Nigeria's Health Minister, Professor Onyebuchi Chukwu |
Against this backdrop, the ANPA Blog sought the audience of the Nigeria’s Minister of Health Prof. C.O.Onyebuchi Chukwu on these and other issues related to healthcare delivery in Nigeria during his visit to the United Nations in New York. It is a fact that most diseases responsible for mortality and morbidity in Nigeria are preventable and tied to areas outside of the ministry of health's purview (water supply, sanitation, environmental pollution). The ANPA Blog posed this to the minister and wanted to know what the ministry of health was doing to educate the leadership of the ministries involved and mobilize them for a common purpose of improving the nation’s health.
The minister agreed with facts as posed by the Blog and said that inter-sectoral cooperation was vital to improving the health and health outcomes for Nigerians. He said: “We have engaged those ministries (particularly Education, Water Resources, Environment, Interior and Finance) in bilateral discussions but intend to establish the inter-ministerial/inter-sectoral committee meeting on health.” He maintained that the better educated the leaders of these sectors are, the better will be the health of Nigerians.

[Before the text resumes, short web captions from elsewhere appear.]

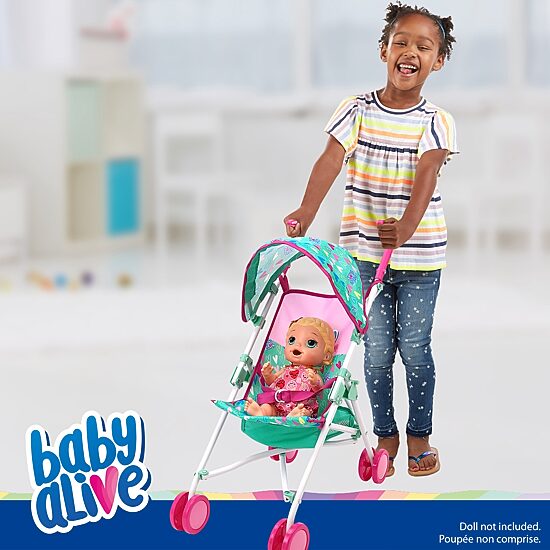 Baby Alive Doll Stroller Baby Play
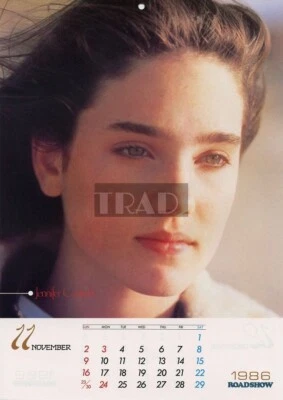 Recorte de imagen JENNIFER CNELLY/PHOEBE CATES 1986 JPN 7x10 #fr/cc Foto 1 de 2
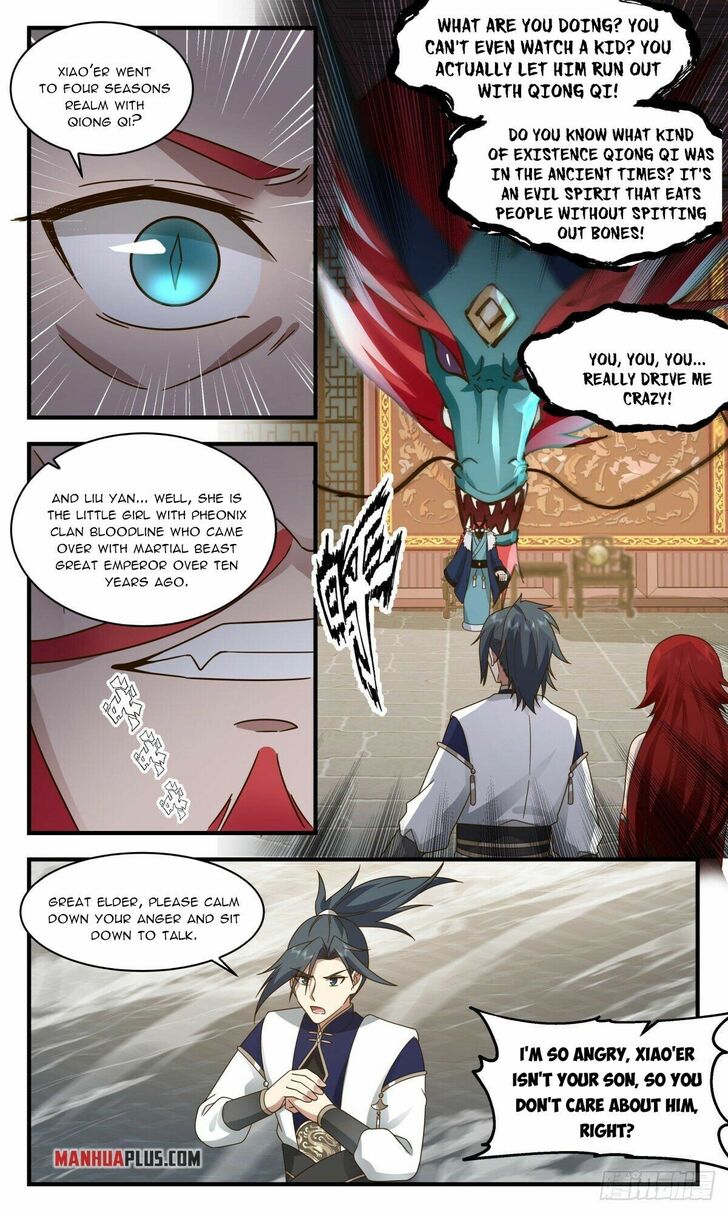 Read Martial Peak Manga Online
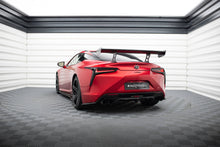 Load image into Gallery viewer, Alettone Lexus LC Mk1 in Fibra di Carbonio — dettaglio della superficie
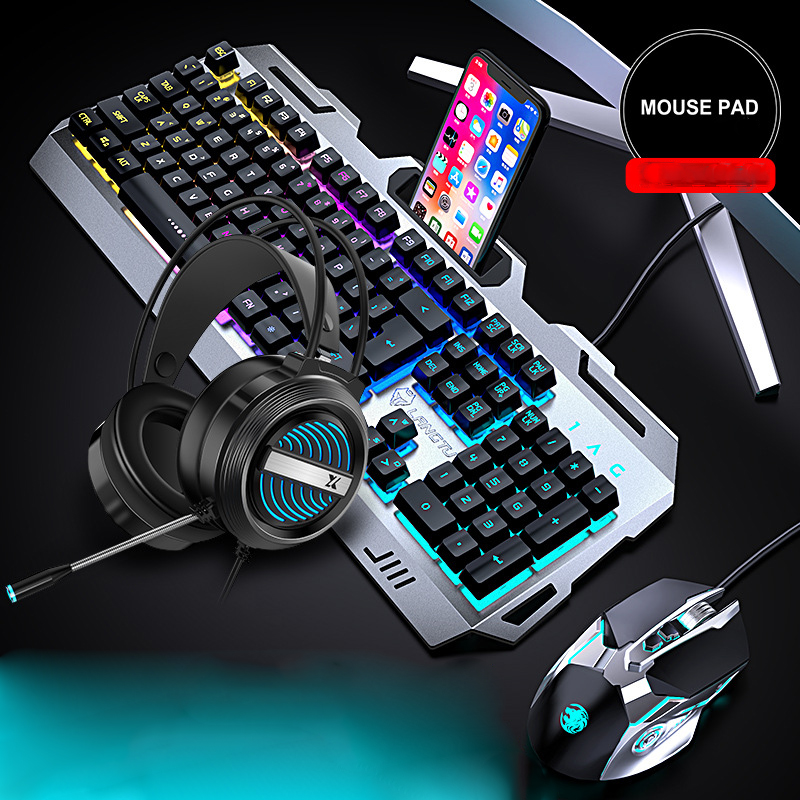Combo phím chuột tai nghe JEDEL CP-02 - HT - HÀNG CHÍNH HÃNG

The minister touted the great strides made in polio prevention in Nigeria saying “From January 2010 to October 2010 only 10 cases (2 awaiting confirmation) of Wild Polio Virus transmission has occurred in Nigeria.” and that WHO acknowledges that Nigeria has reduced transmission by 98%. The ANPA Blog congratulated the minister on this achievement but reminded him that successes are directly the result of immunization campaigns that are largely driven by external agencies and that there are still pockets of morbidity to vaccine preventable diseases, for example the 100 cases of polio paralysis reported from Jan to Sept 2009 in Kano alone. The ANPA Blog was concerned about the over-reliance on outside funding agencies and minimal national resources devoted to vaccine preventable diseases. The minister acknowledged that foreign donors are helping in the polio eradication program in Nigeria, but that more domestic funds have been committed to the operational cost (about 80%) of polio eradication effort in Nigeria than from external sources. He said: "External donor funds have been used to bridge funding gaps. This is not peculiar to Nigeria.” With regard to polio vaccine procurement, the minister said that domestic funding accounts for 50% while external funding accounts for the balance of 50%.
It is our hope that the minister will follow up on his promise to forge true inter-sectoral cooperation to improve the health of Nigerians particularly the poor and disadvantaged.